Джинни почему-то вспомнила, как в годовщину их гибели готовилась утопиться в Ист-Ривер. Единственное, что остановило ее той ночью, – встреча с Блу, полностью изменившая ее жизнь. Впервые за годы к ней вернулась надежда, стремление помочь мальчишке.
– Я не всегда смелая, – честно возразила Джинни. – Мне случается трусить, просто здесь нет времени думать об этом.
Руперт кивнул и пошел ее проводить. Несмотря на паранджу и многослойное одеяние, она оставалась красивой женщиной, и он отдавал себе в этом отчет. Он обратил на нее внимание, как только она приехала, но слышал от других о ее репутации. Джинни старалась не поощрять его к ухаживанию: он был женат, и она не хотела осложнений. Она приехала сюда работать.

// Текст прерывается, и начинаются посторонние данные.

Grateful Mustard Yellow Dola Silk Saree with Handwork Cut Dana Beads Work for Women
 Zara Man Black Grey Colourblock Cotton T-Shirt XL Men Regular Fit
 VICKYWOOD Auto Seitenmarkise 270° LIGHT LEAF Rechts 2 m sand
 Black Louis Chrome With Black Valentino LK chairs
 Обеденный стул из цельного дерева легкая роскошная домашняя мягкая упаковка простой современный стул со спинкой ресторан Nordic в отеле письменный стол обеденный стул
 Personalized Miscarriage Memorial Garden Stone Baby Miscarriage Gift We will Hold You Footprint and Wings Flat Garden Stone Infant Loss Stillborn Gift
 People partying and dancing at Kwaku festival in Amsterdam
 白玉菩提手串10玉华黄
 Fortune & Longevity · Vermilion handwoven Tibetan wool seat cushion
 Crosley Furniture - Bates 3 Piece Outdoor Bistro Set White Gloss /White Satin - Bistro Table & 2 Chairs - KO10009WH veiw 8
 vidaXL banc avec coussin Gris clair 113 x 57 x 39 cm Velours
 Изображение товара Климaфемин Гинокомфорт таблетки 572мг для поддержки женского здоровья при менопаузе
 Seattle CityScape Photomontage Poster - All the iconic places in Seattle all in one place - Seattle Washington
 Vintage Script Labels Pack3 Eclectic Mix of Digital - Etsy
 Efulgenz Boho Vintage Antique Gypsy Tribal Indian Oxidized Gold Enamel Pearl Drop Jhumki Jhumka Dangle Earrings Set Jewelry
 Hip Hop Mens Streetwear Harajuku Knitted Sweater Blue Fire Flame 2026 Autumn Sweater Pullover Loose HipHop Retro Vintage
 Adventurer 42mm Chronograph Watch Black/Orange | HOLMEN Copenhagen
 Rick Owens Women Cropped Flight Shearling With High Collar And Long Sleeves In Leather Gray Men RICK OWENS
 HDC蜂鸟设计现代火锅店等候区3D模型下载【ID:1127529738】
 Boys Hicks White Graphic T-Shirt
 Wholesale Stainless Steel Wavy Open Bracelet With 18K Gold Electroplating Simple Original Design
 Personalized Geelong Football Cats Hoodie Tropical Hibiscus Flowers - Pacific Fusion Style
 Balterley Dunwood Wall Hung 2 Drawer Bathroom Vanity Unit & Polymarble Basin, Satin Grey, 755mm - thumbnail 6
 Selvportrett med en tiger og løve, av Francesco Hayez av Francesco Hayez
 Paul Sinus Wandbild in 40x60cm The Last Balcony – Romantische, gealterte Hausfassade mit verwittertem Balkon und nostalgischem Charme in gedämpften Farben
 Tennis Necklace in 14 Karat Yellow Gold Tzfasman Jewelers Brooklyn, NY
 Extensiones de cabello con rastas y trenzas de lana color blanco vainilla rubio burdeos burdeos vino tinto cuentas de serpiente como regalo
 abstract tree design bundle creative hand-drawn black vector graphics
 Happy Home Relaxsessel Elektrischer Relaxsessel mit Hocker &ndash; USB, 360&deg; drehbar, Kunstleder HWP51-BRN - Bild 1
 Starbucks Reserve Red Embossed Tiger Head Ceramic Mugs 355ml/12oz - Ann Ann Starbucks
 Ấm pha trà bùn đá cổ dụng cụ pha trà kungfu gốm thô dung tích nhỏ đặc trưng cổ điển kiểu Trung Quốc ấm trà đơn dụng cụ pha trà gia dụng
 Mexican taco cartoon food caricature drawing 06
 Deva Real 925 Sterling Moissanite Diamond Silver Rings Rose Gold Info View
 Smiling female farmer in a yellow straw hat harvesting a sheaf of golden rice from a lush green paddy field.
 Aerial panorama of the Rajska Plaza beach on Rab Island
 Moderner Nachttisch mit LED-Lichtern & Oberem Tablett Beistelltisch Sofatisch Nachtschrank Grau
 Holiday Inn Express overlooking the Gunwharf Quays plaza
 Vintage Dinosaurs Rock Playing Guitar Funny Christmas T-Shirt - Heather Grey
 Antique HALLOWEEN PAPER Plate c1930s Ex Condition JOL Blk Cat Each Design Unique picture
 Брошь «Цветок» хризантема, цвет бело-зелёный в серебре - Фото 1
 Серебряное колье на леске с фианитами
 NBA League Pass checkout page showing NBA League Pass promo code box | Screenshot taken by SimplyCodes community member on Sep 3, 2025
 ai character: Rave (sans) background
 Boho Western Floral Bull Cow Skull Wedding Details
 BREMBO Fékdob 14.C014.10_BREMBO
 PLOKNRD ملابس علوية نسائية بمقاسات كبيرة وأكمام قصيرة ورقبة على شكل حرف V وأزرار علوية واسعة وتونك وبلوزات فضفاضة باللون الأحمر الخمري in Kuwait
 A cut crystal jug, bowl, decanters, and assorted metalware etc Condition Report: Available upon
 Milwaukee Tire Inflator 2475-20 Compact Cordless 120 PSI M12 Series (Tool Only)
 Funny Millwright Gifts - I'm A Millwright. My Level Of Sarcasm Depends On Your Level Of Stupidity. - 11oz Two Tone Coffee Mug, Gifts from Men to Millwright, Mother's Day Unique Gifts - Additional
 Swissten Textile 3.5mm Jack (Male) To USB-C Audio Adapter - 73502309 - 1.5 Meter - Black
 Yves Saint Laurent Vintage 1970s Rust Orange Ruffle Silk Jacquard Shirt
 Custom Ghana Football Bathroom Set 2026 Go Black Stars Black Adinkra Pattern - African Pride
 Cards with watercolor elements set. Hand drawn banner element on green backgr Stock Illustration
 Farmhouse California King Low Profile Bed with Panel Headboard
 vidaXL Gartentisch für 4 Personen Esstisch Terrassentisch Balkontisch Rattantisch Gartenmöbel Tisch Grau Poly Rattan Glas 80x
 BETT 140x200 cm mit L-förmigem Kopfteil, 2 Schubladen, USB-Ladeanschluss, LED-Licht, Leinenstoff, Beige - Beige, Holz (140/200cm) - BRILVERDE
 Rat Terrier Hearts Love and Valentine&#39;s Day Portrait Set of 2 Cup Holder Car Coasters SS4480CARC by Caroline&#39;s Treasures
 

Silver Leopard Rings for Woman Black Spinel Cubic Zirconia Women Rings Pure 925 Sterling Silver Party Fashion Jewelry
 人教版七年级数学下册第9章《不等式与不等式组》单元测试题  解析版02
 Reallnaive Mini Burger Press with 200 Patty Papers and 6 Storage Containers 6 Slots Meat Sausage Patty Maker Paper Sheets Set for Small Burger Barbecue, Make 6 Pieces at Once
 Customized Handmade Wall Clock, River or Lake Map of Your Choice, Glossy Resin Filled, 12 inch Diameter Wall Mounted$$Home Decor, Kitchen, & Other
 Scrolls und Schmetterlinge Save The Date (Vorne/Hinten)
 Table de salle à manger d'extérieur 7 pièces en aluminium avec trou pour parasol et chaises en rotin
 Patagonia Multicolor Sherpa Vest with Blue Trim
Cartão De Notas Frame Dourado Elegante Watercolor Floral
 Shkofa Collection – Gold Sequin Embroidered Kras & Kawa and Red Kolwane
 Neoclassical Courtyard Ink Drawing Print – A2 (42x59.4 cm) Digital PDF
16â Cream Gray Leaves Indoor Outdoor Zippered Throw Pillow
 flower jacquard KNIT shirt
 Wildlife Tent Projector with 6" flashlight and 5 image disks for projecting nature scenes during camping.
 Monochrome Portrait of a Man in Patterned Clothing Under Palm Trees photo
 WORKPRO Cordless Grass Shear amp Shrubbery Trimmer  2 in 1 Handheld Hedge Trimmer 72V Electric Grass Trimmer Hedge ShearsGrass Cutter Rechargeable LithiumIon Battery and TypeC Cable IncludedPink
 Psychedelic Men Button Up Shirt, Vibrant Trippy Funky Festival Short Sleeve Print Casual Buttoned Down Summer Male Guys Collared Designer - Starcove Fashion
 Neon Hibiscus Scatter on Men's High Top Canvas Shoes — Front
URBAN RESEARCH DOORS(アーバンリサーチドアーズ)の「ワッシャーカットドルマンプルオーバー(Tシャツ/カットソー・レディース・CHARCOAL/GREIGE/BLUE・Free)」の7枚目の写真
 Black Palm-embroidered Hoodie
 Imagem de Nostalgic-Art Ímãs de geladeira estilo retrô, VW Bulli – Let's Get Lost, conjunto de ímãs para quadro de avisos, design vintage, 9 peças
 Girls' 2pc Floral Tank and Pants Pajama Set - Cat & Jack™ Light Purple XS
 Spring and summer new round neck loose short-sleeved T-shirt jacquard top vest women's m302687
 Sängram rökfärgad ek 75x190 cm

Благодаря частым пересменкам жизнь в лагере приобретала интерес: новые люди – что может быть любопытнее? Сейчас к ним прибыли делегация из Верховного комиссариата по правам человека в Женеве и команда немецких врачей, всем им оказывали максимум гостеприимства. Джинни и еще несколько человек отправились с ними в горы. Там пришлось принимать роды, потом осматривать множество больных детей. Двоих забрали вместе с матерями в лагерь для лечения.
За две недели до своего отъезда Джинни опять поехала в горы вместе с несколькими другими членами медицинской команды лагеря. Пока все шло гладко, замена Джинни ожидалась из Нью-Йорка через неделю. Джинни добродушно болтала с Энцо, молодым итальянским врачом, находившимся в лагере считаные дни. Взбираясь верхом на лошадях и мулах по крутым горным тропам, они обсуждали меню, которое заказали бы у себя дома, – здесь еды было в обрез, а та, что была, часто вызывала тошноту. За сложным поворотом они увидели пещеры, где, по слухам, часто прятались повстанцы. Они как раз смеялись над какой-то шуткой Энцо, когда неподалеку грохнул выстрел, и лошадь Джинни от испуга встала на дыбы.
Джинни вцепилась в конскую гриву, молясь, чтобы лошадь не свалилась с узкой тропы в пропасть. Ей удалось успокоить лошадь и заставить ее попятиться, но, судя по прижатым ушам, животное все еще испытывало сильный страх. Итальянец хотел было поймать уздечку и помочь Джинни, но тут прогремел второй выстрел, еще ближе первого. Джинни нашла взглядом командира группы, махнувшего рукой: мол, возвращаемся назад. В следующее мгновение Энцо упал на шею своего коня: пуля угодила ему в затылок. Фонтаном хлынула кровь. Джинни поняла, что он убит.